Taking a step into the future – the end of the beginning

Safeguarding 2.0 – Invitation to a Milestone Event

When: 18 May (9am – 12pm)
Where: NESTA, 1 Plough Place, London. EC4A 1DE

The Safeguarding 2.0 project is now at the end of its first phase.  What started as a round-table discussion at the Local Government Information Unit with practitioners and social web enthusiasts has developed into a journey that has uncovered the technological and behavioural challenges facing safeguarding professionals.  We formed a project team withThinkPublic and Headshift, funded by Nesta and ECDP, and working in partnership Westminster City Council. Our research has led us to some important conclusions about ways to help all those involved in safeguarding children, which the project team is excited to share with you.

As well as presenting the findings of the first phase of the project there will be plenty of discussion throughout, along with a chance to talk about the next phase of the project and opportunities for getting involved.
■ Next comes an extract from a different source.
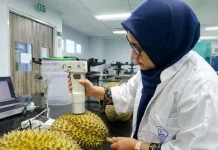 Ini Cara Peneliti Temukan Tingkat Kematangan Durian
We hope to see you there – please let us know if you can make it by emailing carrie [dot] bishop [at] futuregovconsultancy [dot] com

WHEN we hosted a round table discussion last August on how web technology might offer new and more effective ways to safeguard vulnerable children,  it would have taken a brave person to stand up and say ‘I know where this is going.’  The truth is no-one at that initial Safeguarding 2.0 meeting did know where the project might lead or what inspiration it might produce.

That was the challenge facing a committed team of passionate people determined to take an exploratory step into the unknown in a bid to discover if new technology could reap real benefits for beleaguered social workers struggling to make the world a safer place for kids.

It was a massive ask and without real enthusiasm from the whole Safeguarding project team, might never have got off the ground. For a start at that first meeting, Futuregov and team partners thinkpublic, Headshift, the Local Government Information Unit, and Westminster Council moved forward without even the assurance that technology could or would offer any sort of an answer. The solution, we freely admitted, might be something entirely different.

But as the project progressed, with particular thanks to the in-depth research of thinkpublic who listened and talked to social workers and other professionals,  it became clear that some sort of technology to help everyone involved in a safeguarding team to communicate better was the way ahead. Especially if it enabled the whole story of a child to be more easily recorded and heard and – vitally – acted upon.

Now in a relatively short time, the first phase of the initial project sparked by Safeguarding 2.0 is nearing its final stages and the ideas, thoughts and plans are being pulled together to formulate what imaginative piece of technology could help those struggling against a backdrop of one high profile tragedy after another to cope with the increasingly heavy burden of safeguarding children.  The team’s findings will be presented at an event on 18 May at Nesta, to which all are welcome, which will show what we’ve learned and what we think could help safeguarding practitioners.

What the project has been determined to do is not to foist any new piece of technology on social workers. The real aim has always been to discover what they need and want as well as asking what they believe are the gaps in their present armoury which need plugging. In other words, the technologists at Headshift needed to know what they produced was not only needed, but wanted too.

With the first phase nearing completion, the project team can see that a second phase is viable. The project inevitably has only scratched the surface of providing better communication in what has to be one of the most desperately difficult problems to solve. If it ain’t broke, don’t fix it, is the often-quoted slogan. But in the light of social services departments such as Birmingham’s being judged ‘unfit for purpose‘, there is no room to judge that something, somewhere doesn’t need fixing. So phase one of Safeguarding 2.0 is merely a step along the way to offer web technology as a tool to prevent mistakes and ultimately save lives.

The challenge of phase two will be for the project team to develop an innovative prototype – but that as everyone knows will need funding from not only a local authority with a stake in the outcome, but from grants and perhaps a partnership with a technology provider like a mobile phone manufacturer.

It only remains at this first-step stage at the end of the beginning for the project team to make its final report pointing up the exciting possibilities ahead. One small step for safeguarding… but a small step leading to a future of endless possibilities.